For thus he solved the question which he proposed to himself in writing as
follows to Jubaianus: "But some will say, 'What then will become of those who,
in times past, coming to the Church from heresy, were admitted without baptism?'
The Lord is able of His mercy to grant pardon, and not to sever from the gifts
of His Church those who, being out of simplicity admitted to the Church, have in
the Church fallen asleep."(2)
CHAP. 14.--19. But which is the worse, not to be baptized at all, or to be twice
baptized, it is difficult to decide. I see, indeed, which is more repugnant and
abhorrent to men's feelings; but when I have recourse to that divine balance, in
which the weight of things is determined, not by man's feelings, but by the
authority of God, I find a statement by our Lord on either side. For He said to
Peter, "He who is washed has no need of washing a second time;"(3) and to
Nicodemus, "Except a man be born of water and of the Spirit, he cannot enter
into the kingdom of God."(4) What is the purport of the more secret
determination of God, it is perhaps difficult for men like us to learn; but as
far as the mere words are concerned, any one may see what a difference there is
between "has no need of washing," and "cannot enter into the kingdom of heaven."

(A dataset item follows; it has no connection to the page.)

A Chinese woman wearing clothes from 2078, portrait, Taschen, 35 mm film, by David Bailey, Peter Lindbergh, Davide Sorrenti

The Church, lastly, herself holds as her tradition, that without baptism she
cannot admit a man to her altar at all; but since it is allowed that one who has
been rebaptized may be admitted after penance, surely this plainly proves that
his baptism is considered valid. If, therefore, Cyprian thought that those whom
he considered to be unbaptized yet had some share in pardon, in virtue of the
bond of unity, the Lord has power to be reconciled even to the rebaptized by
means of the simple bond of unity and peace, and by this same compensating power
of peace to mitigate His displeasure against those by whom they were rebaptized,
and to pardon all the errors which they had committed while in error, on their
offering the sacrifice of charity, which covereth the multitude of sins; so that
He looks not to the number of those who have been wounded by their separation,
but to the greater number who have been delivered from bondage by their return.
For in the same bond of peace in which Cyprian conceived that, through the mercy
of God, those whom he considered to have been admitted to the Church without
baptism, were yet not severed from the gifts of the Church, we also believe that
through the same mercy of God the rebaptized can earn their pardon at His hands.
CHAP. 15.--20. Since the Catholic Church, both in the time of the blessed
Cyprian and in the older time before him, contained within her bosom either some
that were rebaptized or some that were unbaptized, either the one section or the
other must have won their salvation only by the force of simple unity. For if
those who came over from the heretics were not baptized, as Cyprian asserts,
they were not rightly admitted into the Church; and yet he himself did not
despair of their obtaining pardon from the mercy of God in virtue of the unity
of the Church. So again, if they were already baptized, it was not right to
rebaptize them. What, therefore, was there to aid the other section, save the
same charity that delighted in unity, so that what was hidden from man's
weakness, in the consideration of the sacrament, might not be reckoned, by the
mercy of God, as a fault in those who we're lovers of peace? Why, then, while ye
fear those whom ye have rebaptized, do ye grudge yourselves and them the
entrance to salvation? There was at one time a doubt upon the subject of
baptism; those who held different opinions yet remained in unity. In course of
time, owing to the certain discovery of the truth, that doubt was taken away.
The question which, unsolved, did not frighten Cyprian into separation from the
Church, invites you, now that it is solved, to return once more within the fold.
Come to the Catholic Church in its agreement, which Cyprian did not desert while
yet disturbed with doubt; or if now you are dissatisfied with the example of
Cyprian, who held communion with those who were received with the baptism of
heretics, declaring openly that we should "neither judge any one, nor deprive
any one of the right of communion if he differ from us,"(5) whither are ye
going, ye wretched men? What are ye doing? You are bound to fly even from
yourselves, because you have advanced beyond the position where he abode. But if
neither his own sins nor those of others could stand in his way, on account of
the abundance of his charity and his love of brotherly kindness and the bond of
peace, do you return to us, where you will find much less hindrance in the way
of either us or you from the fictions which your party have invented.